**TASK DATA:**

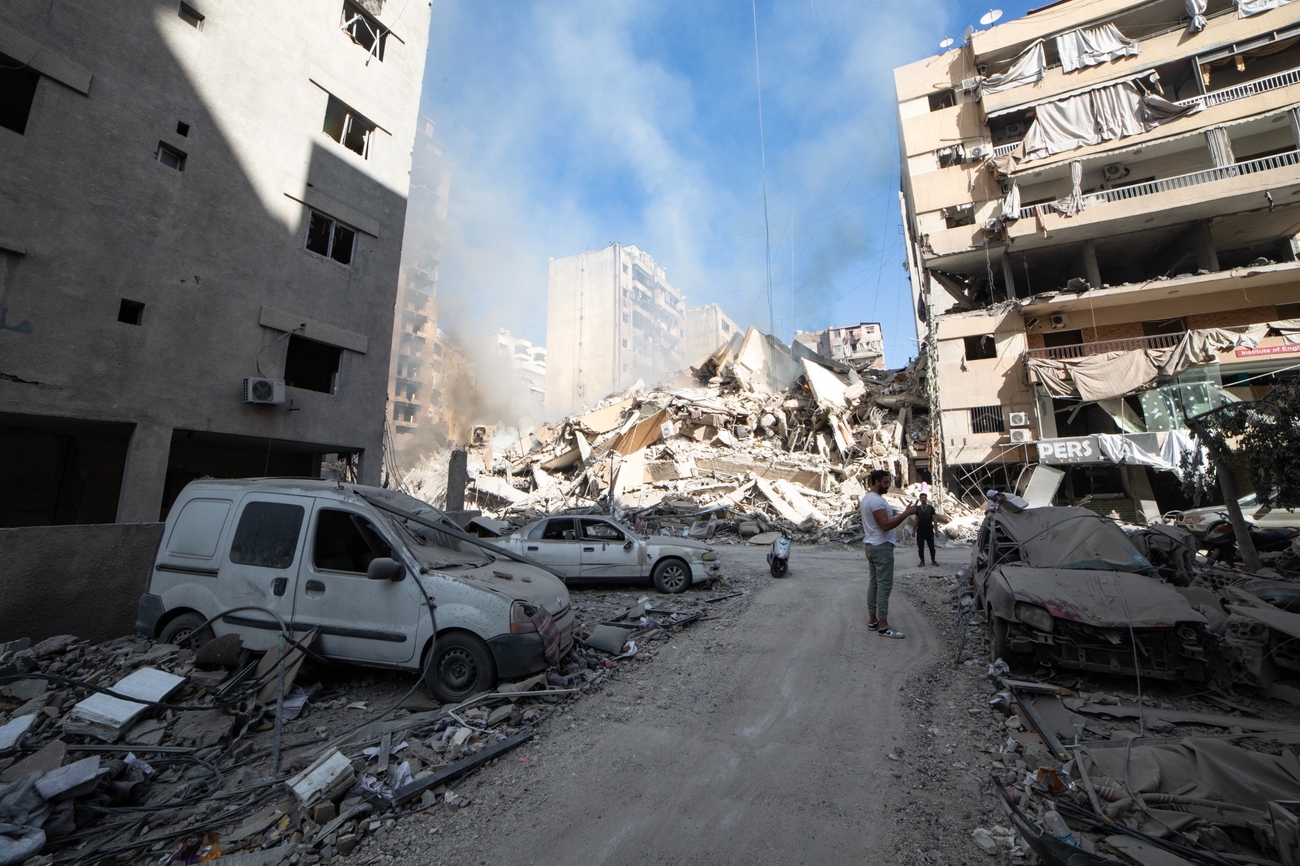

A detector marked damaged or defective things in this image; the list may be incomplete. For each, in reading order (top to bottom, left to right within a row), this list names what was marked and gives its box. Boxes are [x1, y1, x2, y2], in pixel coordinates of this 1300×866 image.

damaged building [0, 1, 430, 528]
damaged facade [2, 1, 432, 520]
damaged building [896, 0, 1296, 512]
damaged facade [896, 0, 1296, 512]
destroyed vehicle [135, 480, 572, 704]
abandoned car [135, 480, 572, 704]
destroyed vehicle [498, 516, 720, 592]
abandoned car [498, 516, 720, 592]
destroyed vehicle [972, 502, 1208, 680]
abandoned car [972, 506, 1208, 680]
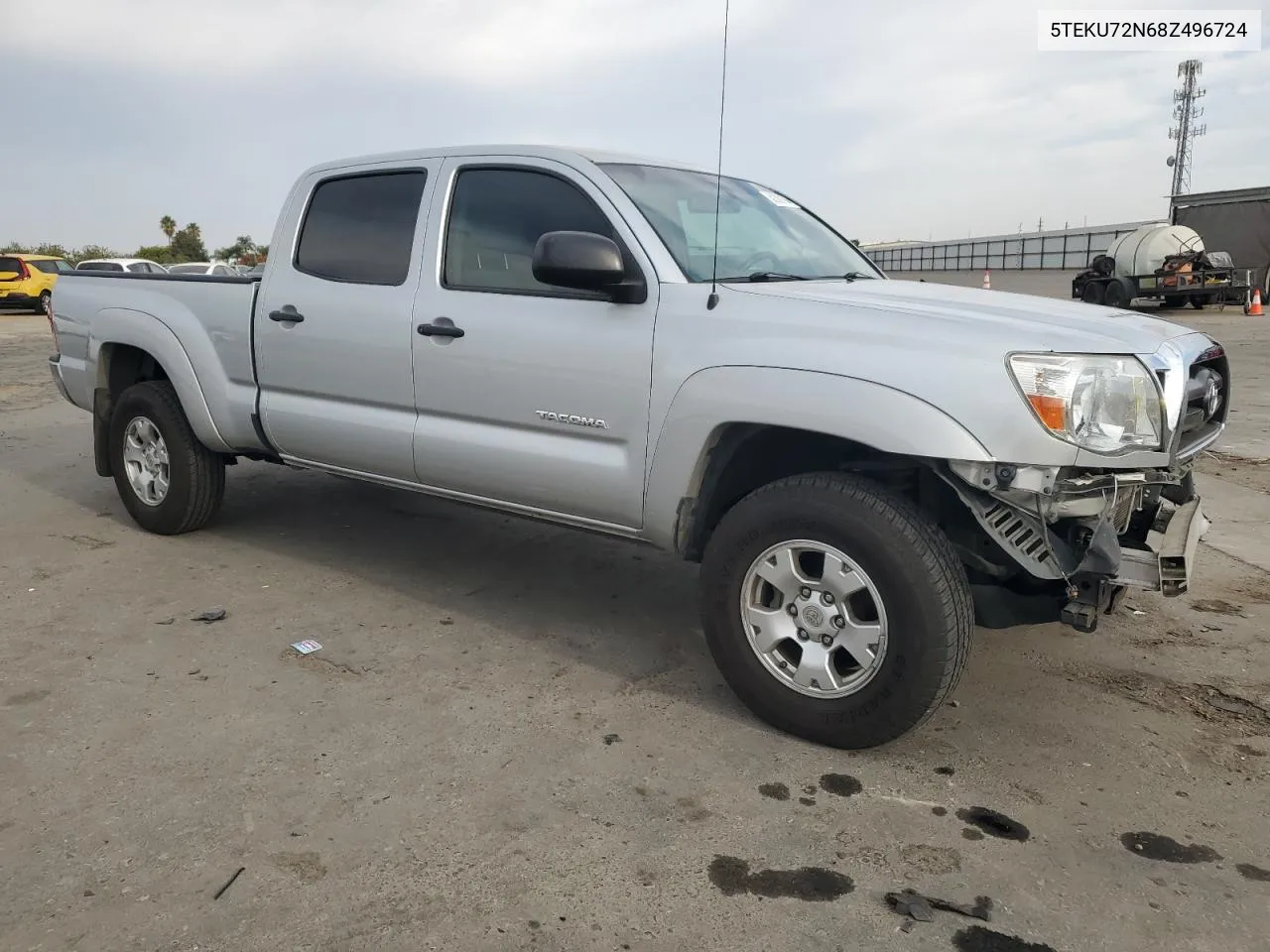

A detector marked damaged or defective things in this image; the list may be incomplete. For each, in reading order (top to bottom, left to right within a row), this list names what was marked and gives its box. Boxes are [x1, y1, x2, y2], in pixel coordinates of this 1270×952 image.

cracked headlight assembly [1008, 355, 1167, 456]
damaged front bumper [945, 460, 1206, 631]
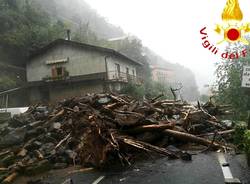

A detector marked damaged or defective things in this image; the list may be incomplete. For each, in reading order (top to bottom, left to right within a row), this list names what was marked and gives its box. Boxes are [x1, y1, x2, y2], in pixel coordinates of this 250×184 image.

damaged infrastructure [0, 94, 235, 183]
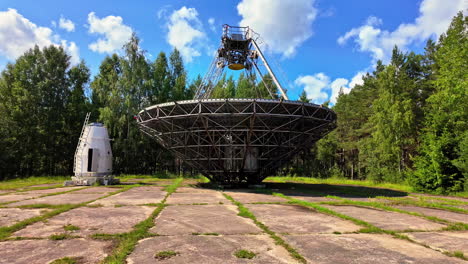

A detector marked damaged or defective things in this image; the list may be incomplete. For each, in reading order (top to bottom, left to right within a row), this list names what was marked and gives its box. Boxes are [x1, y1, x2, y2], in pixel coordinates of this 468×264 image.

cracked concrete slab [89, 186, 166, 206]
cracked concrete slab [0, 208, 49, 227]
cracked concrete slab [14, 205, 154, 238]
cracked concrete slab [150, 203, 260, 234]
cracked concrete slab [245, 203, 358, 234]
cracked concrete slab [322, 204, 446, 231]
cracked concrete slab [394, 206, 466, 223]
cracked concrete slab [0, 238, 112, 262]
cracked concrete slab [128, 234, 296, 262]
cracked concrete slab [284, 234, 462, 262]
cracked concrete slab [404, 231, 466, 256]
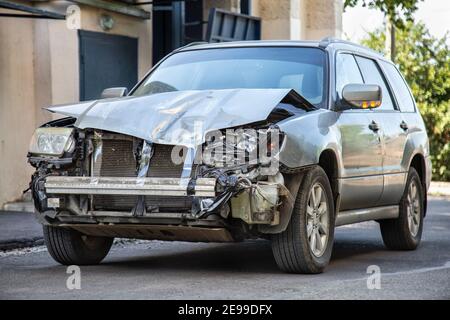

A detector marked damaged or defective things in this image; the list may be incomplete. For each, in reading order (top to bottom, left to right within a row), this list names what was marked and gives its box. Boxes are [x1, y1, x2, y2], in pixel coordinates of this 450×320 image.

broken headlight [29, 128, 75, 157]
crumpled car hood [46, 88, 312, 147]
damaged silver suv [29, 38, 432, 274]
missing front bumper [44, 175, 217, 198]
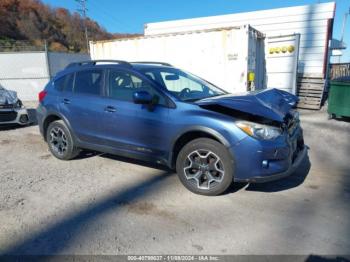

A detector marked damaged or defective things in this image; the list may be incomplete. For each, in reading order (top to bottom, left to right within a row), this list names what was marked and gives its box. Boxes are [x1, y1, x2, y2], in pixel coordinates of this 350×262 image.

crumpled hood [0, 87, 18, 105]
crumpled hood [197, 87, 298, 122]
damaged front bumper [0, 107, 29, 126]
broken headlight [235, 121, 282, 141]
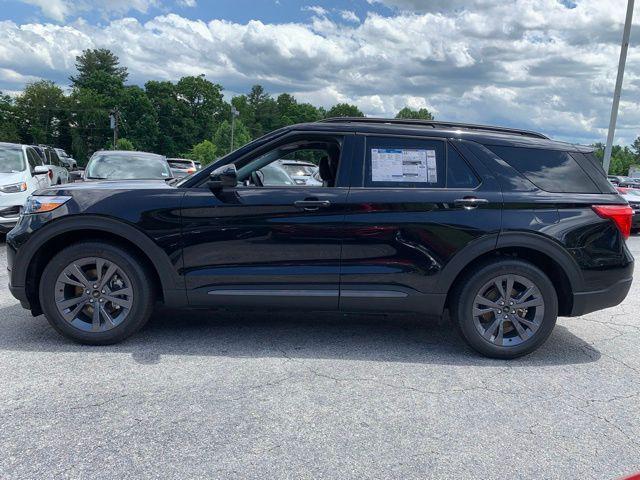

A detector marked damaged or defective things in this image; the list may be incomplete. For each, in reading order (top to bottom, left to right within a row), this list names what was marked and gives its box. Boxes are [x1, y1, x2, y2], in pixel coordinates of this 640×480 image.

cracked pavement [1, 237, 640, 480]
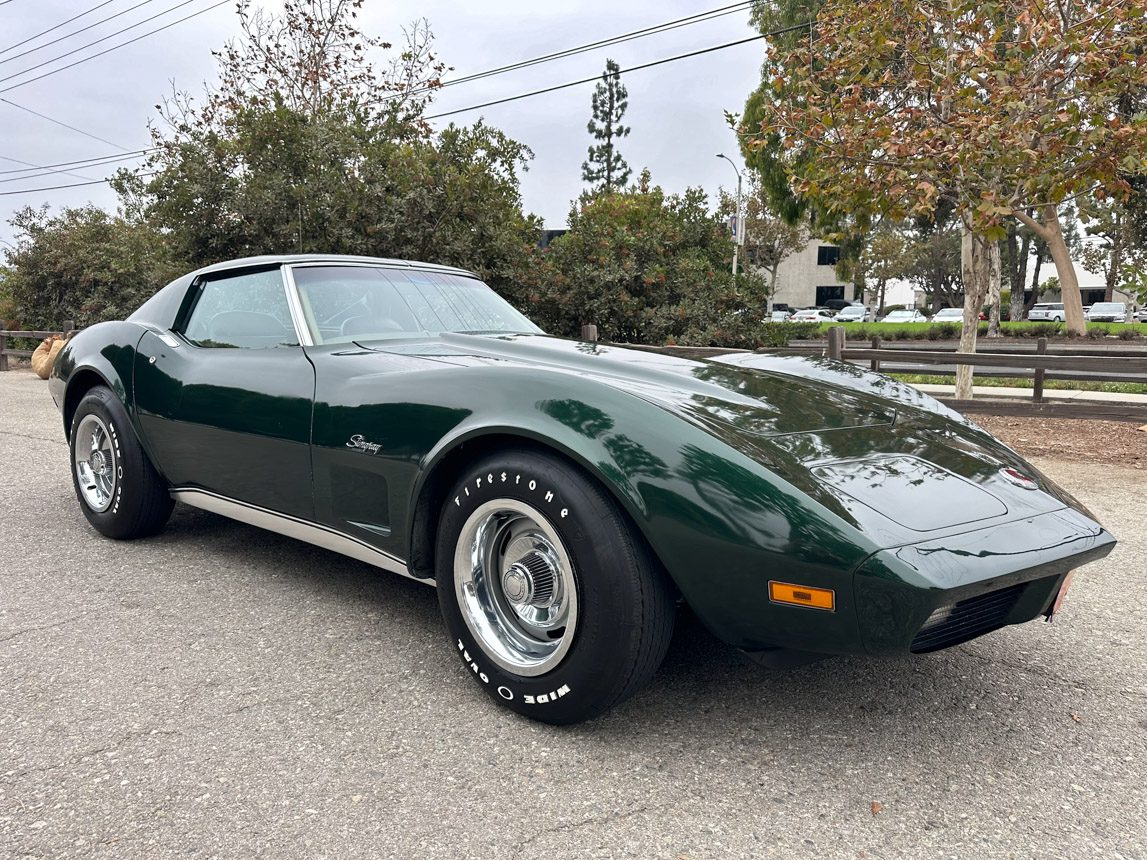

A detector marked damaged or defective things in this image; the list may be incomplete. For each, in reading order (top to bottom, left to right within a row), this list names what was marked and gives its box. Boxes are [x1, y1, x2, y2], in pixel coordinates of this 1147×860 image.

pavement crack [0, 614, 84, 642]
cracked asphalt [0, 366, 1142, 857]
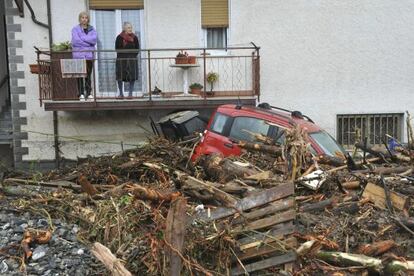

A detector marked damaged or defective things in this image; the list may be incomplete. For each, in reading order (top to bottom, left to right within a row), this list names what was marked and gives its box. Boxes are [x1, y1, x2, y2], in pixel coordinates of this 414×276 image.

crushed vehicle [191, 102, 346, 161]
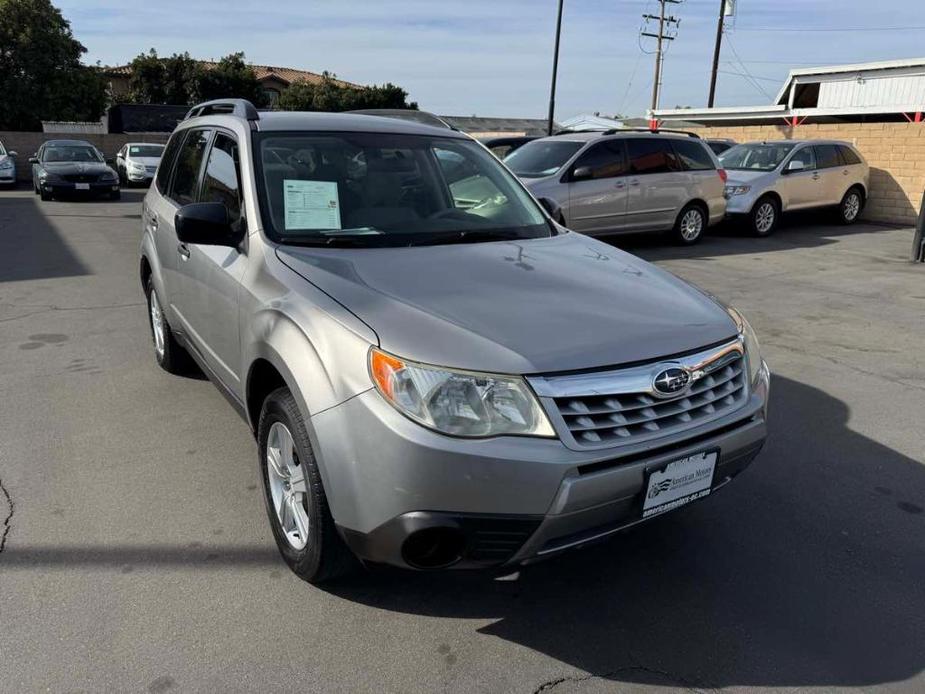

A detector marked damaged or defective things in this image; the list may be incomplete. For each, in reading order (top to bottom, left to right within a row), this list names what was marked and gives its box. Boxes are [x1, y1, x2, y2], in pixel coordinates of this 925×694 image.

crack in pavement [528, 664, 708, 694]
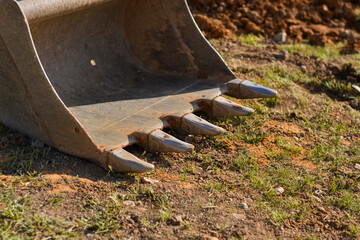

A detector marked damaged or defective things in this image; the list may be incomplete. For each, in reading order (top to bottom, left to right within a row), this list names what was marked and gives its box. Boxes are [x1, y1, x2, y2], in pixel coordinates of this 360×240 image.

rusty metal surface [0, 0, 278, 172]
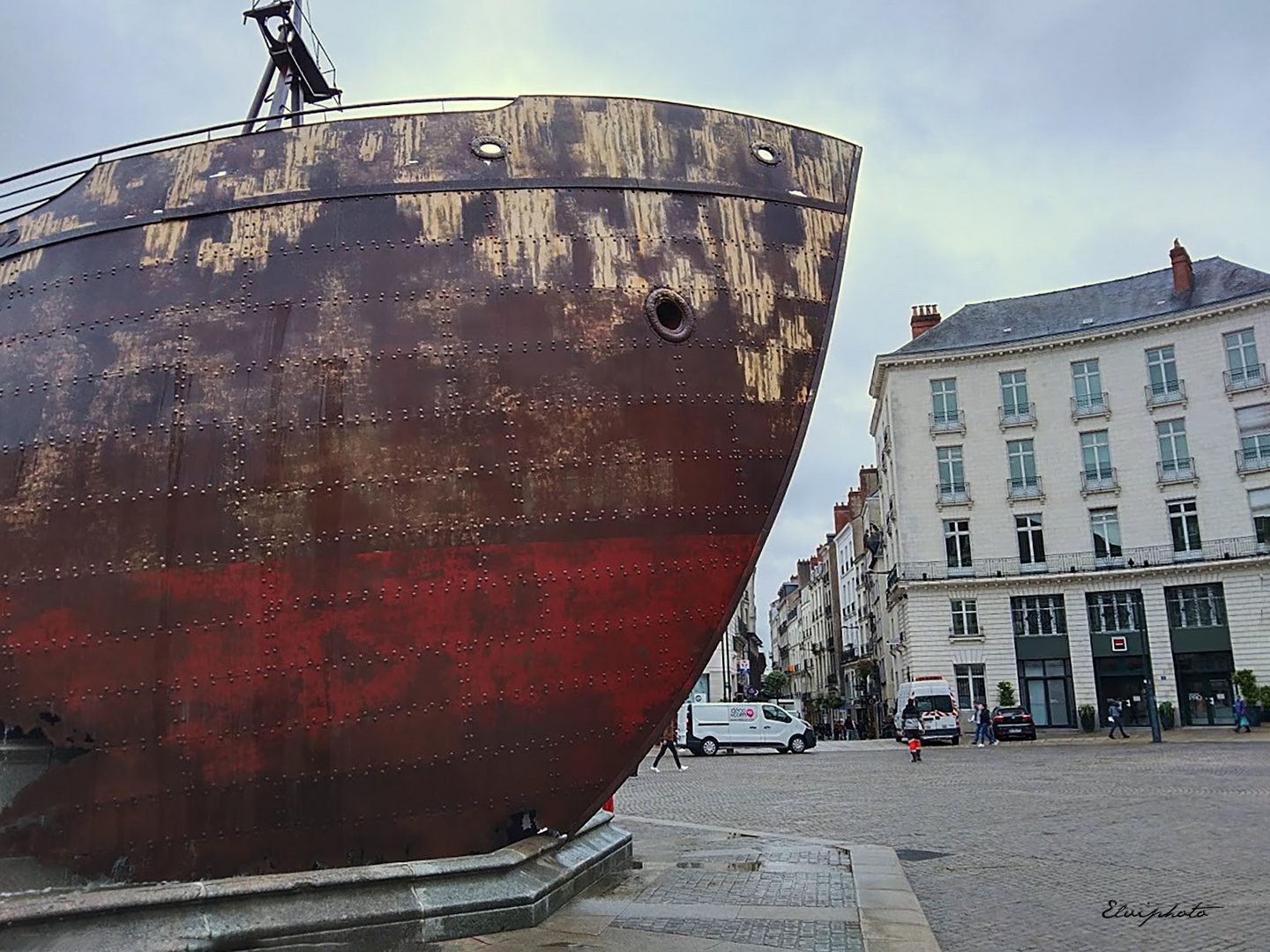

**TO DO:**
All pictures should be dropped; the lines from the one containing "this 360×240 image." through the last line of the material are to be set down exactly.

**RESULT OF THE TASK:**
A detector marked damaged or defective things in this image; the list may be incomplete. For each, in reading order (top to bottom, left to right within a row), this list names what was marked and gives its box. Boxes are [x1, y1, x2, y2], in pixel coordinates of this 360×240 image.

rusty metal surface [0, 0, 278, 172]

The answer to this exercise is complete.